The present invention relates to an image transfer and sheet separation apparatus for use in an electrophotographic system or the like to permit a toner image to be transferred onto a sheet of paper or like medium to a significant efficiency while, at the same time, causing the transfer medium to readily become separated from a photoconductive member, a dielectric member or like latent image supporting member. Further, the present invention is concerned with an image transfer and sheet separation apparatus for use in a two-color electrophotographic copying system or the like which develops latent images of positive and negative polarities with positively charged and negatively charged two kinds of toners, transfers the toner images to a transfer medium and separates the transfer medium from a latent image supporting element.
Ever increasing attention has been paid to a two-color electrophotographic process in which electrostatic latent images charged to the opposite polarities are developed by toners of two different colors. In this type of process, a positive latent image is developed by a negatively charged red toner and a negative latent image by a positively charged black toner, whereafter the toner images are transferred onto a paper sheet or like transfer medium and, then, the sheet is separated from a dielectric member, a photoconductive member or like latent image supporting element.
Various methods have heretofore been proposed to form the positive and negative latent images in the two-color electrophotography: a method using styluses to deposite positive and negative charges on a dielectric member, a method charging individual photoconductive layers, which are stacked together and have different spectral sensitivities, to the positive and negative polarities and, thereby, forming positive and negative latent images by one exposure to image light, a method using a photoconductive member on which a photoconductive layer and an insulating layer are stacked successively, a method which charges a photoconductive member to V.sub.s volt, for example, a background area potential to about 1/2.multidot.V.sub.s volt by laser or like means, one video data to V.sub.s volt and the other video data to about 0 volt. Although the last-mentioned method does not provide positive and negative latent images in a strict sense, it may be included in the class of positive-negative latent image forming methods taking the background potential as a criterion.

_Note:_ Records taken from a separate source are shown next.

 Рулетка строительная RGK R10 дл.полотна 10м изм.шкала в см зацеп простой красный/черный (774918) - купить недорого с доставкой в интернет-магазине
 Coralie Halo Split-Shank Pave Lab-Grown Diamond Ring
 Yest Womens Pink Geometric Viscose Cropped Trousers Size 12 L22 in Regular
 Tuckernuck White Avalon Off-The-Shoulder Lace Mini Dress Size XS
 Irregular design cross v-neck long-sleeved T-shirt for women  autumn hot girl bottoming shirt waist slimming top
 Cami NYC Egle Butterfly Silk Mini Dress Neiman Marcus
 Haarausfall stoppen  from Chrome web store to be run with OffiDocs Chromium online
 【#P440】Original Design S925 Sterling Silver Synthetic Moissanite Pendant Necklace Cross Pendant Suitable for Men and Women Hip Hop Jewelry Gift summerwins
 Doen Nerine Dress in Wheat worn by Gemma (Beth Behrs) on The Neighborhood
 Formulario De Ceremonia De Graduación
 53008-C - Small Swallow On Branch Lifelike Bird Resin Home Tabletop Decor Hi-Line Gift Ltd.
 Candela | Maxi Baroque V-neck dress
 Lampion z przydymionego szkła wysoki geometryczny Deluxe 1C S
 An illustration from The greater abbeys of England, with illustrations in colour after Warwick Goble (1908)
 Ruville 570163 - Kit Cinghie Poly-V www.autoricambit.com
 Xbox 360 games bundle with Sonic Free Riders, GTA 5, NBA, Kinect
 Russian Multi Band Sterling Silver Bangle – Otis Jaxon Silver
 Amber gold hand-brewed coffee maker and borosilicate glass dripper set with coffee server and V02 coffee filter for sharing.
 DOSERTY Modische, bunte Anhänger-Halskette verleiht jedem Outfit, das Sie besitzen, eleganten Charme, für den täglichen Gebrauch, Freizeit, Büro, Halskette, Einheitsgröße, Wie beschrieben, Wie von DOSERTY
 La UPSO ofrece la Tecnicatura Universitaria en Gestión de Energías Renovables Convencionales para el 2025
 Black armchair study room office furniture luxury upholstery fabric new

Known methods for simultaneous transfer of positive and negative toner images may generally be classified as: one which precharges them to a common polarity before an image transfer and then transfers them by corona charge, and one which after the precharging, causes a charged insulating member or a conductive member impressed with a voltage to contact a transfer medium from the back. The former method is relatively simple and convenient. However, supposing that the polarity of the precharge is positive, the former method fails to efficiently transfer the toner originally charged to the negative and, particularly, causes local omission of transfer in a relatively wide image area, which is critical to the reproduction of quality images. The latter method, on the other hand, renders the separation of a transfer medium from a photoconductive element unstable though superior to the former concerning the quality of images.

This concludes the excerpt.